Information supplied ▸
——————————

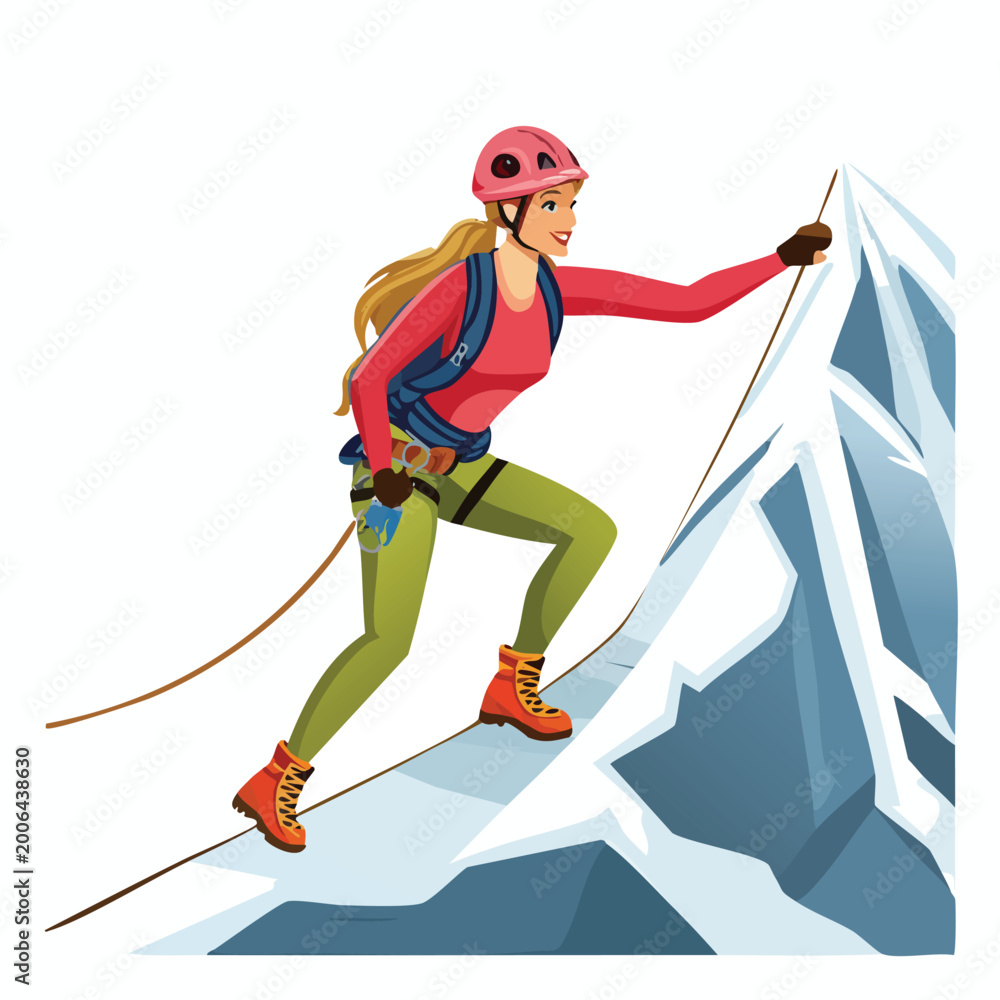 Obraz premium Woman climbing a mountain vector illustration isolated on white background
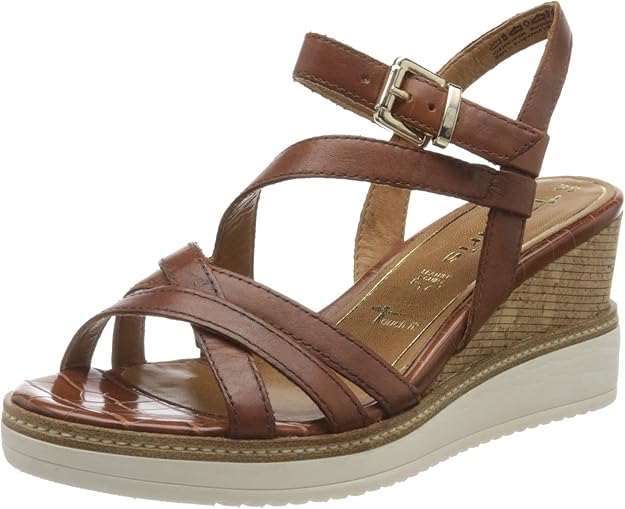 Amazon.com | Tamaris Women's Ankle Strap Sandals | Platforms & Wedges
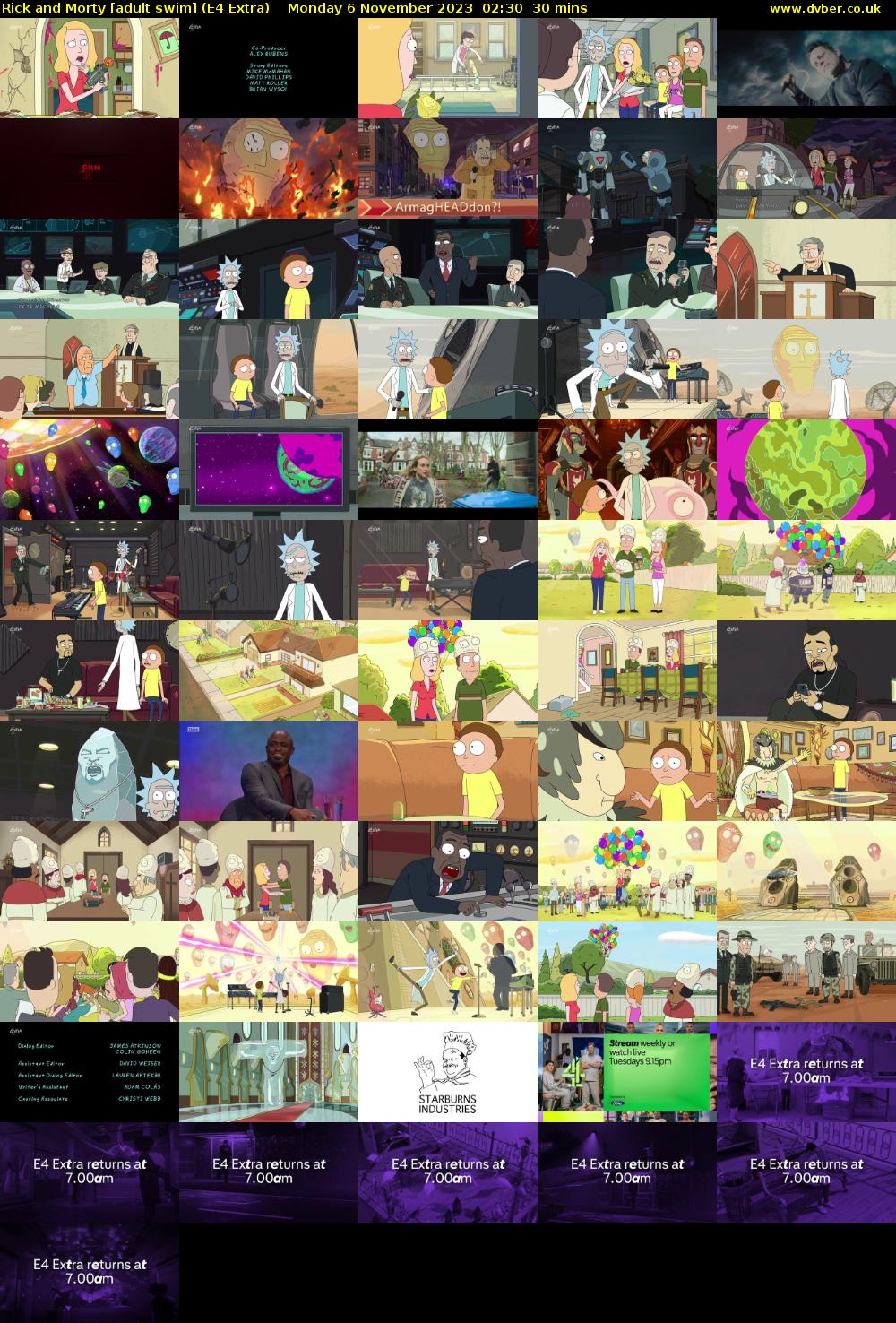 Rick and Morty [adult swim] (E4 Extra) Monday 6 November 2023 02:30 - 03:00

——————————

Task to complete ▸ When you reproduce the data shown above, keep each line exact and omit every picture.

Output for this exercise ▸
 Obraz premium Woman climbing a mountain vector illustration isolated on white background
 Amazon.com | Tamaris Women's Ankle Strap Sandals | Platforms & Wedges
 Rick and Morty [adult swim] (E4 Extra) Monday 6 November 2023 02:30 - 03:00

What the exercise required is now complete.